Film (2012)
Written and directed by Leos Carax
Kendall Square Cinema
Cambridge, MA
Cinematography: Caroline Champetier, Film Editing: Nelly Quettier, Set Design: Florian Sanson, Music: Neil Hannon, Sound: Erwan Kerzanet
With Denis Lavant (M. Oscar / Le banquier / La mendiante / L’OS de Motion-Capture / M. Merde / Le père / L’accordéoniste / Le tueur / Le tué / Le mourant / L’homme au foyer), Edith Scob (Céline), Eva Mendes (Kay M), Kylie Minogue (Eva Grace), Elise Lhomeau (Léa), Jeanne Disson (Angèle), Michel Piccoli (L’homme à la tache de vin), Leos Carax (Le dormeur / Voix Limousine), Nastya Golubeva Carax (La petite fille), Reda Oumouzoune (L’acrobate Mo-Cap), Zlata (La cyber-femme), Geoffrey Carey (Le photographe / Voix Limousine), Annabelle Dexter-Jones (L’assistante photographe)
A man who we only know as Mr. Oscar (Denis Lavant) leaves a nice, modernist home in the suburbs and gets in a car driven by his perhaps omniscient chauffeuse, Céline (Edith Scob), seeming to head towards Paris. Soon afterwards, he begins a series of adventures for which he transforms himself remarkably through costume and makeup and engages in dauntingingly cathartic acts.

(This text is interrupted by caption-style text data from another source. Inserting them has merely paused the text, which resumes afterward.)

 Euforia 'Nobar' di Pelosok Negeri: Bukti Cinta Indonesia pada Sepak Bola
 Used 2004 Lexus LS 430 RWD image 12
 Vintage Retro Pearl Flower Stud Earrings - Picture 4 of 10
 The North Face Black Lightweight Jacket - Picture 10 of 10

This vivid and offbeat film has virtually no single narrative to it, but manages, over the course of a couple of hours of appalling and unsettling events, to deliver an effect, and indirectly some kind of message about the human condition, the nature of persona, and the transiency of life.
The protagonist is a makeup specialist and each of the multiple adventures he undertakes involves a dramatic change of garb. At the outset, he goes from looking like a sleek middle-aged business professional to looking like an old, very hunched-over, woman.

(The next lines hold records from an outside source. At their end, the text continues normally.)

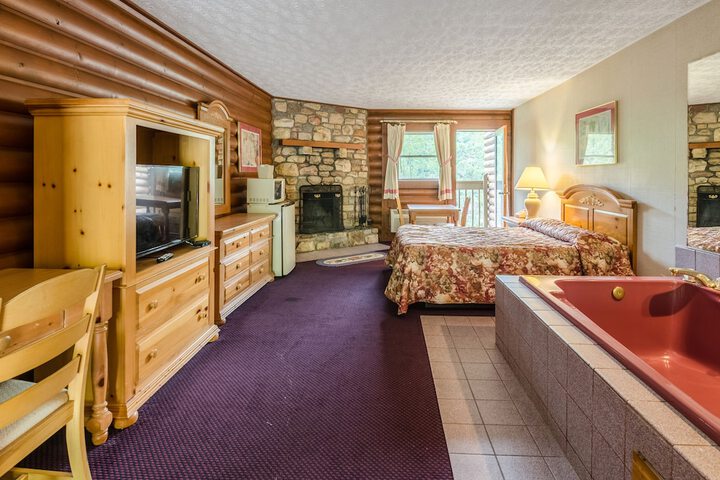Highland Hills Motel and Cabins – a Master Hosts Resort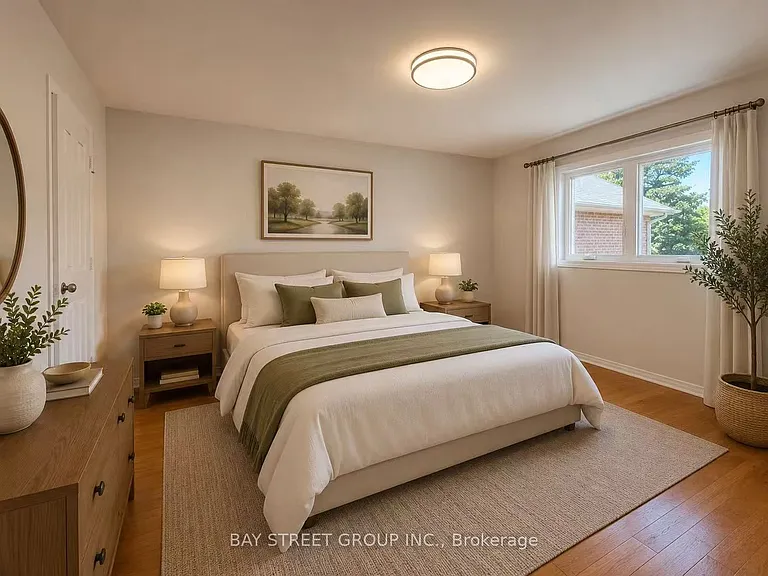 1054 Chateau Ct — Photo 30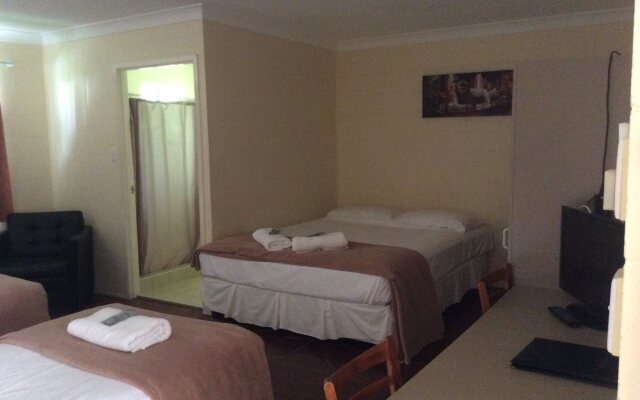 Spanish Lace Motor Inn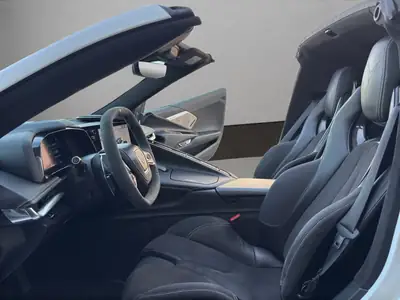 Chevrolet Corvette C8 Convertible Stingray 3LT — Cabriolet sportif américain 483 ch, sans accidents — Thumbnail 18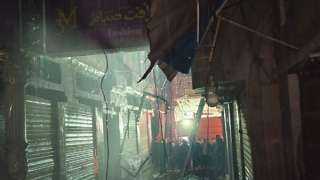 النيابة تباشر التحقيق في حريق سوق الخواجات بالمنصورة... النيابة تباشر التحقيق في حريق سوق الخواجات بالمنصورة وتنتدب الطب الشرعي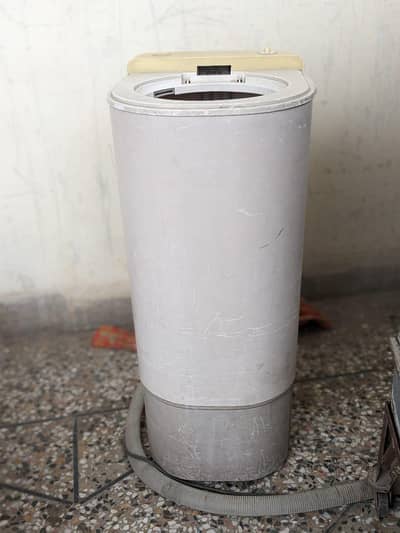 urgent sale spinner dryer machine , all ok , 8/10 condition no fault
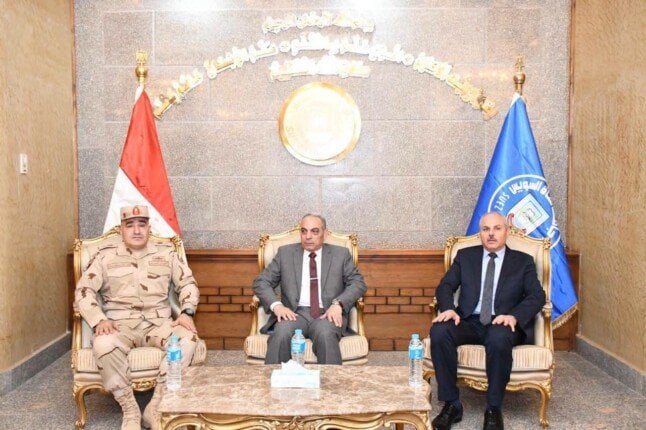 تسليم شهادات الإعفاء العسكري وكراسي متحركة لطلاب ذوي الهمم في جامعة قناة السويس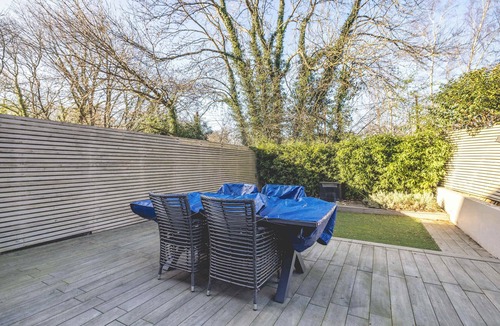 Runnymede House | Elegant 4-Bed |Private Garden |Parking By Tempstay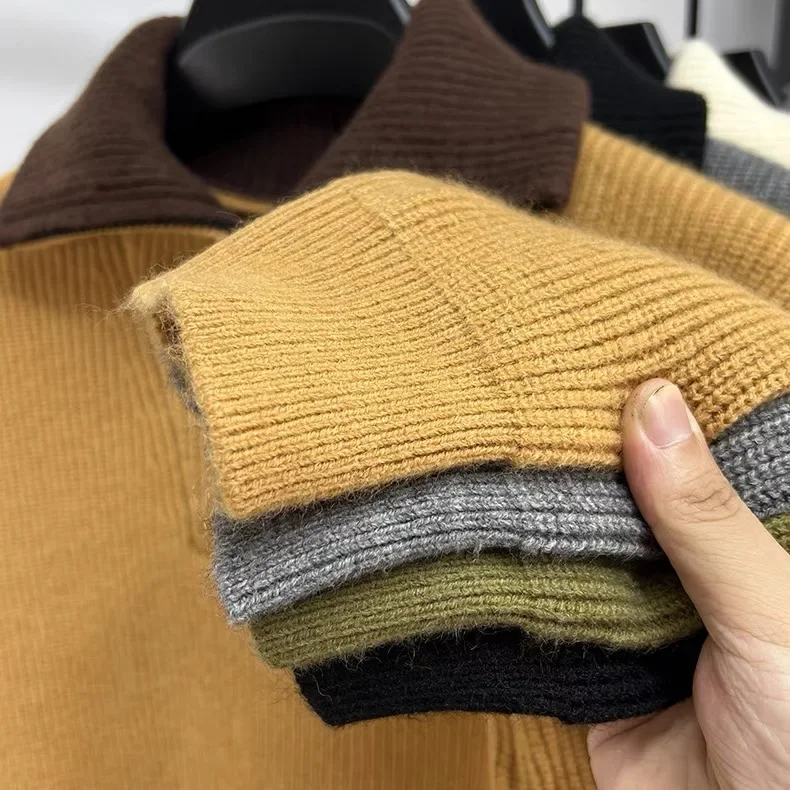 High-End-Marken-Trend-Männer-Pullover mit halbem Reißverschluss 2024, Herbst und Winter, neue lässige Mode, verdickter einfarbiger Strickpullover mit Stehkragen – Detail 11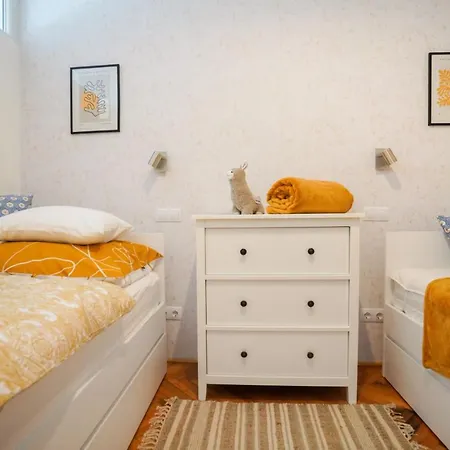 Apartmán Piroska Bartokteri 02 *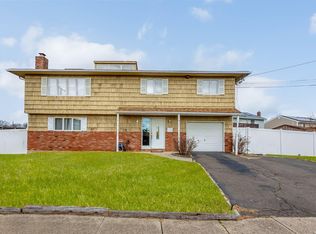 84 Shore Rd, Lindenhurst, NY 11757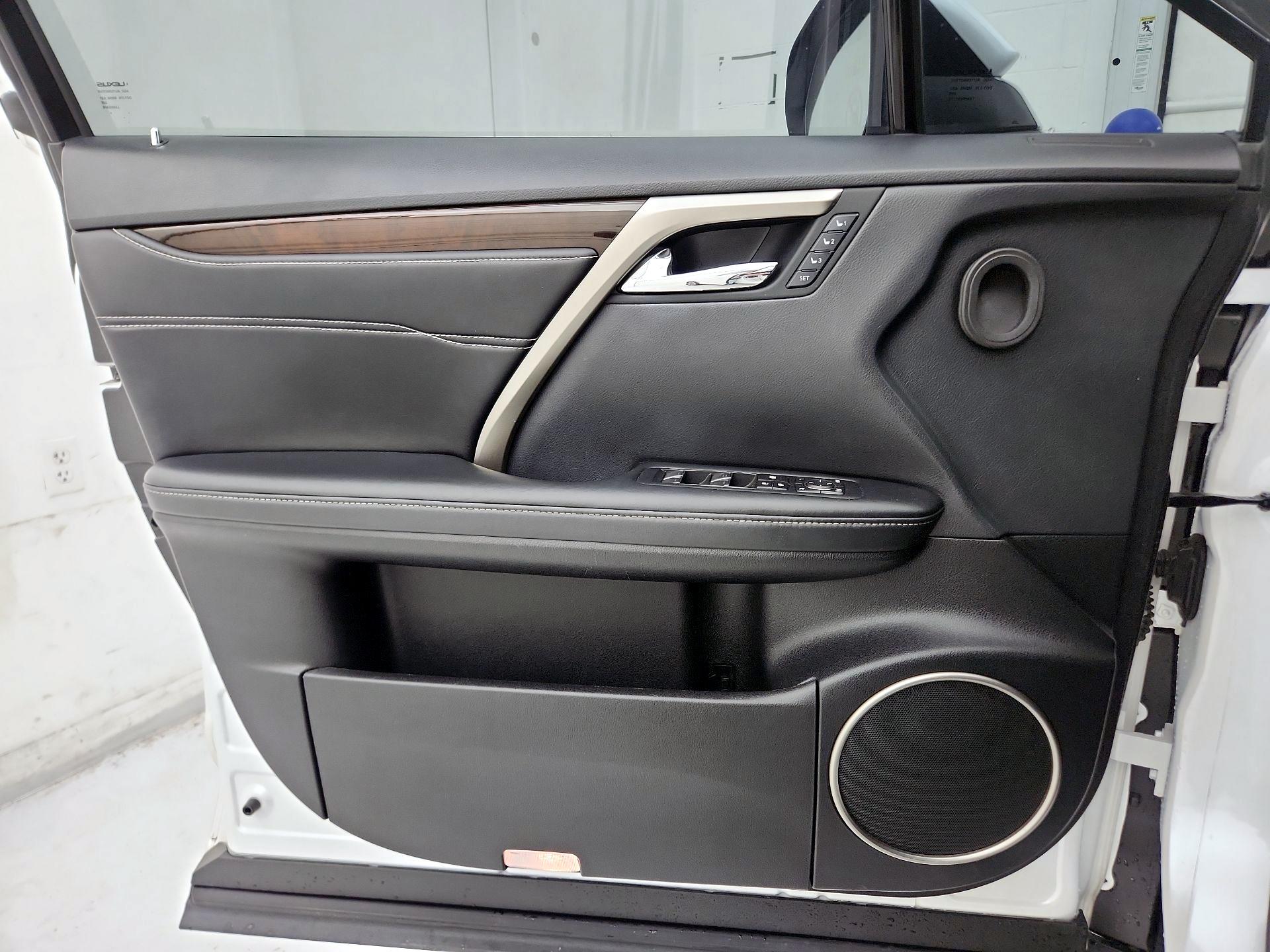 Thumbnail: 2019 Lexus RX - 12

Revealing scenes (complete with the protagonist’s erect penis), replete with snakes and many other discomfiting additions, and any number of extreme shots of people that would make Diane Arbus proud, abound.
For Paris lovers, there is a visit to the grand Père Lachaise cemetery, down and through the famous sewers, and to the roof garden of the well-known department store, La Samaritaine, where one looks out from behind its large lettered sign.

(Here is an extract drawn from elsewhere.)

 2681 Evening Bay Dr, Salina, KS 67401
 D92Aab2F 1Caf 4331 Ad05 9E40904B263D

(in one of his many incarnations)
Photo: Pierre Grise Productions
Denis Lavant, in the title role, is pretty amazing, conveying quite believably the whole range of roles he undertakes.
Quite a few international stars abound here, including the magnetic Eva Mendes, who does a turn as Beauty to Mr. Oscar’s Beast.
Despite its harsh, contemporary visual tone, the sound track not infrequently calls to mind that great sentimental piece of modern French opera-cinema, The Umbrellas of Cherbourg (1964), adding one more oddly jarring piece to this great melange of philosophy, theatricality and irony.

Early serial photo images from Eadweard Muybridge (1830-1904) are quoted at various intervals in the film presumably to call to mind the association of cinema, image, disguise, the simulation of life, and anything else metaphysically interesting. Presumably, the title of the film, in addition to pointing to the metaphorical significance of cars in the film, suggests the motors that drive cameras and projectors. The film obviously gives one lots of room for interpretation here.

constructed from an
Eadweard Muybridge study
from the late 19th century
There is the poetic implication that somehow the car in which Mr. Oscar has traveled – and in which each of us travels – is a metaphysical vehicle of some kind. And, in the end of the film, to reinforce that notion in a comedic vein, we witness an entire garage of them breaking into wild, animated conversation.
Do not go to this film looking for a conventional story of any kind. But, if you have a taste for the bizarre and cathartic, you may enjoy its wild cascade of vivid images, and hazily conceived, but nonetheless amusing and suggestive, ideas.